People have difficulties remembering the My Lai massacre, the killing of 3 million Vietnamese by US military during Vietnam war, the killing of a million Moro rebels in Southern Philippines by US army in the beginning of 20th century, the killing of 500,000 ethnic Chinese and leftists group by US backed Suharto government in Indonesia. More recent examples include the killing of thousands of Afghanis and Pakistanis by missiles from drones. These are not that important events for the likes of BBC it seems, as they deem it is far more important to remember the few hundred Chinese (or thousands) who died on June 4 1989.
Currently, I am reading a book: Tiananmen Square “Massacre”? The Power of Words vs. Silent Evidence which is available in Amazon. Excerpts from the book description;
The so-called Tiananmen Square “Massacre” is one of the most misleading events the US government and the Western media have used to demonize the Chinese government each and every year since 1989. There was ample silent evidence in the images produced by the Western media that told the story of a highly restrained and caring Chinese government facing a protest similar to those in the West at various stages of their economic development. However, the West and anti-communist forces had capitalized on the situation in 1989 to fuel the public’s anger, intending to overthrow a good government. How the Western media lied about a massacre given the silent evidence that suggests otherwise, and the moral implications of Western powers making use of common pain and dissatisfaction within an economic cycle of a society to justify the overthrowing of governments across the globe are issues that this book is structured to explore.
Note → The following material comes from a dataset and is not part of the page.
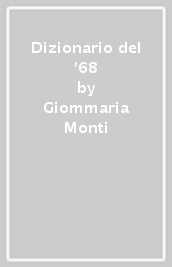 Dizionario del  68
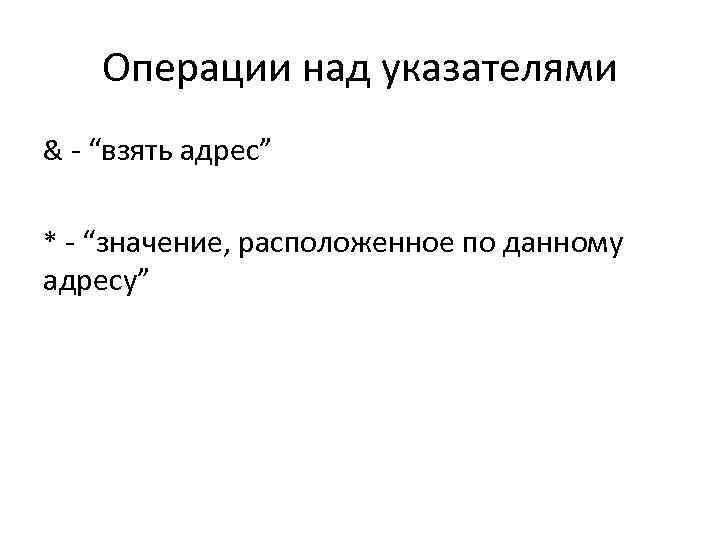 Операции над указателями & “взять адрес” * “значение, расположенное по данному адресу”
The concept of good governance, human rights and freedom is a complex one. Incidents of government crackdowns on protesters are as frequent in the West as anywhere else. The only difference is that the West has a highly sophisticated, well-funded, well-established and well-controlled media industry run by a handful of big corporations with an agenda. Without their agenda-based support, victims of government oppression in the West will hardly ever be noticed by the wider Western community and the world.
To prove such a point, I have included in my analysis the history of protest management in the US and the creative techniques used by the US authorities against the Occupy Wall Street protesters.
One should always bear in mind that the concepts of good governance, human rights and freedom can only be objectively assessed through the power of comparison. The truth can only be found through filtering the indoctrinated messages propagated by the mainstream media. It is important for one to always think for themselves, and to observe the logic and images beyond the media rhetoric.